Extracted records:
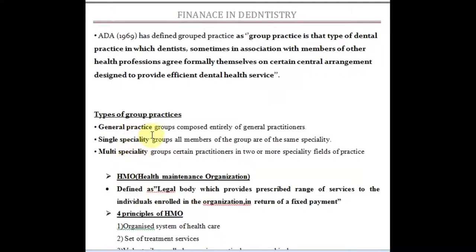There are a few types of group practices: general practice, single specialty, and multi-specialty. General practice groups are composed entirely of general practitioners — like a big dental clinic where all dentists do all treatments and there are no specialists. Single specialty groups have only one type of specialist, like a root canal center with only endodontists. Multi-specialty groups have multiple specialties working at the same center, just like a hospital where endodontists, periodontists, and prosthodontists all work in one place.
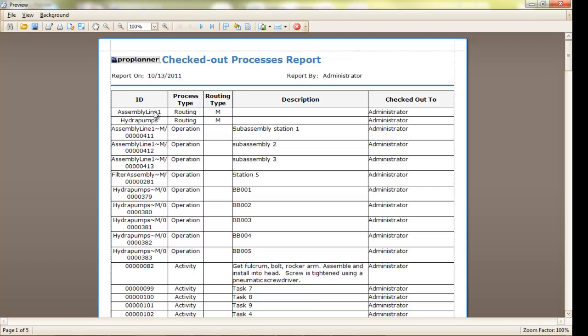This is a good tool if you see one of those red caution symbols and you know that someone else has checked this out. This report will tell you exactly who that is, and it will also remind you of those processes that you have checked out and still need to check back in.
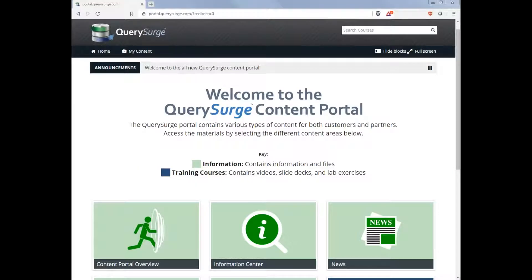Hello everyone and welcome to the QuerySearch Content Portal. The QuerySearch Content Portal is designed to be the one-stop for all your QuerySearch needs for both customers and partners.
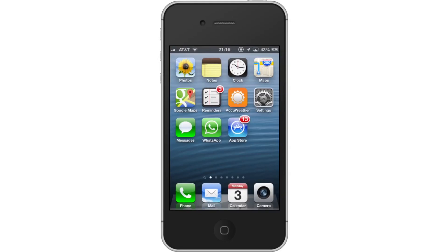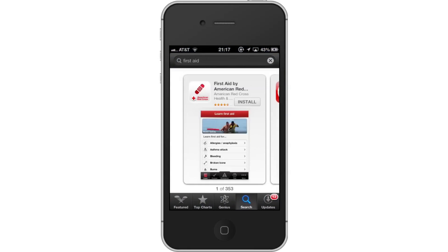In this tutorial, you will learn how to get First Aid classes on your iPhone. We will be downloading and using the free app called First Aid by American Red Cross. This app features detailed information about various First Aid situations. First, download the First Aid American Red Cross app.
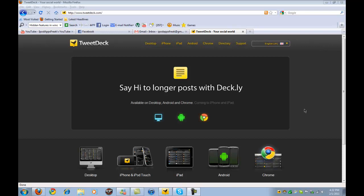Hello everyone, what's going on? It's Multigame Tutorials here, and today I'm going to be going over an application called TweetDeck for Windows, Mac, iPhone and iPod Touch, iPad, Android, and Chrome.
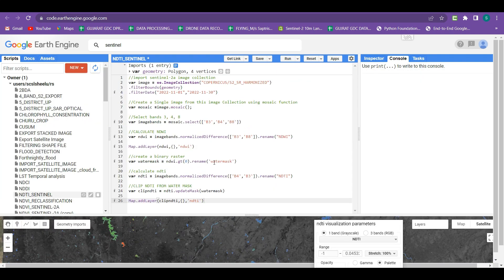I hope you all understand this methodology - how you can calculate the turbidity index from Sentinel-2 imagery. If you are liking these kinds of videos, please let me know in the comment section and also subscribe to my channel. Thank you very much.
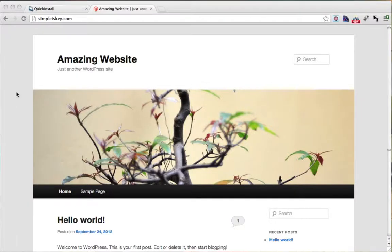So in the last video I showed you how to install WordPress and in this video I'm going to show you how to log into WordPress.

---

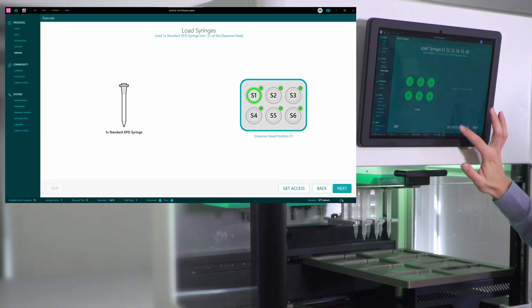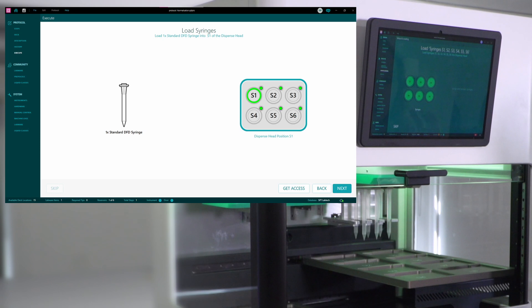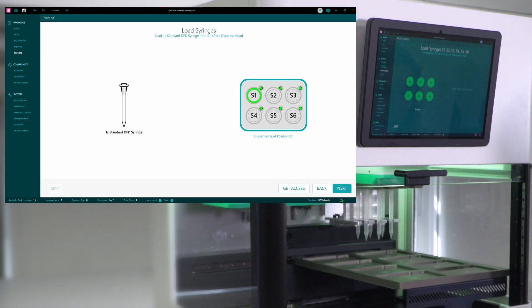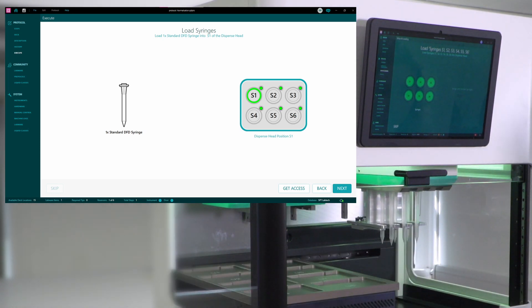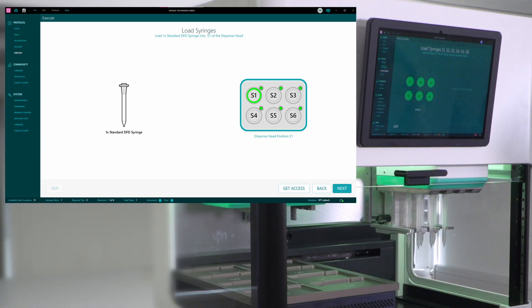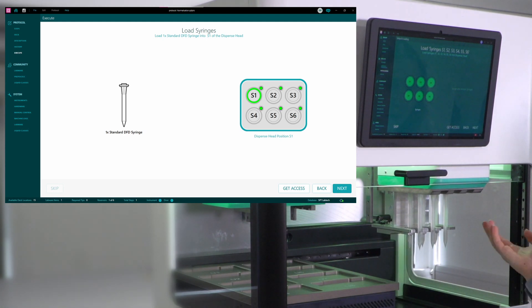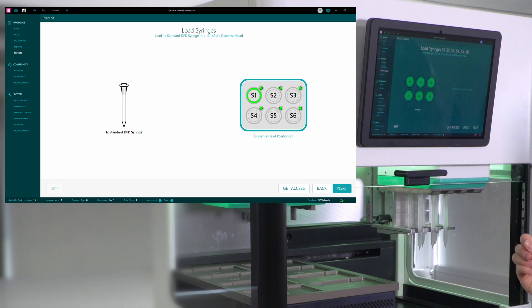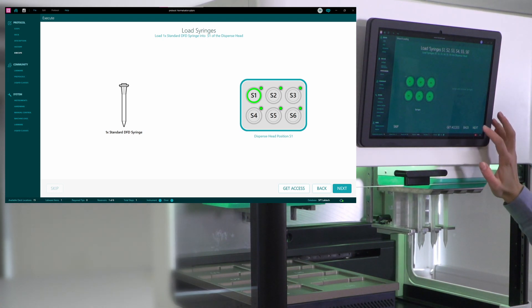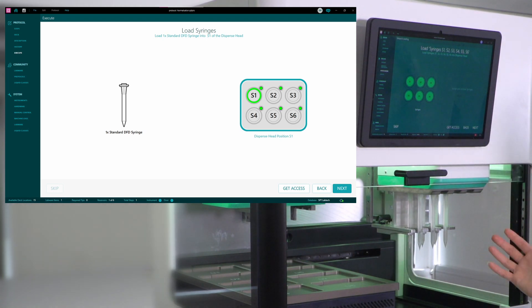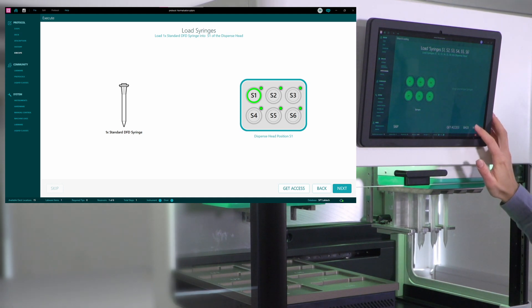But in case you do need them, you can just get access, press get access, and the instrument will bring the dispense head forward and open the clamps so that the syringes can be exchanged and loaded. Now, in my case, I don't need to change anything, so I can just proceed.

---

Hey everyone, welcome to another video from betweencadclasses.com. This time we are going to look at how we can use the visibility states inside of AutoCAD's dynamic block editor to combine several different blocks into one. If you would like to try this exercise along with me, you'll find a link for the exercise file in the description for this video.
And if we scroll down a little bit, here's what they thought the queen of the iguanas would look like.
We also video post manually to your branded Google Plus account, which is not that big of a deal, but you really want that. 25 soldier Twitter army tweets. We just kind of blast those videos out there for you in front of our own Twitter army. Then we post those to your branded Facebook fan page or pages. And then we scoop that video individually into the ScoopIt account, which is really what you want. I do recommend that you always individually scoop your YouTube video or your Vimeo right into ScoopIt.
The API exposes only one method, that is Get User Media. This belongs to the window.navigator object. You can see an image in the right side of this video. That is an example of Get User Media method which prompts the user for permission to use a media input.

Task brief:
Using the entries above, transcribe exactly from the line that has "There are a" through the line that has "In this tutorial, you". Pictures are dropped.

Response box:
There are a few types of group practices: general practice, single specialty, and multi-specialty. General practice groups are composed entirely of general practitioners — like a big dental clinic where all dentists do all treatments and there are no specialists. Single specialty groups have only one type of specialist, like a root canal center with only endodontists. Multi-specialty groups have multiple specialties working at the same center, just like a hospital where endodontists, periodontists, and prosthodontists all work in one place.
This is a good tool if you see one of those red caution symbols and you know that someone else has checked this out. This report will tell you exactly who that is, and it will also remind you of those processes that you have checked out and still need to check back in.
Hello everyone and welcome to the QuerySearch Content Portal. The QuerySearch Content Portal is designed to be the one-stop for all your QuerySearch needs for both customers and partners.
In this tutorial, you will learn how to get First Aid classes on your iPhone. We will be downloading and using the free app called First Aid by American Red Cross. This app features detailed information about various First Aid situations. First, download the First Aid American Red Cross app.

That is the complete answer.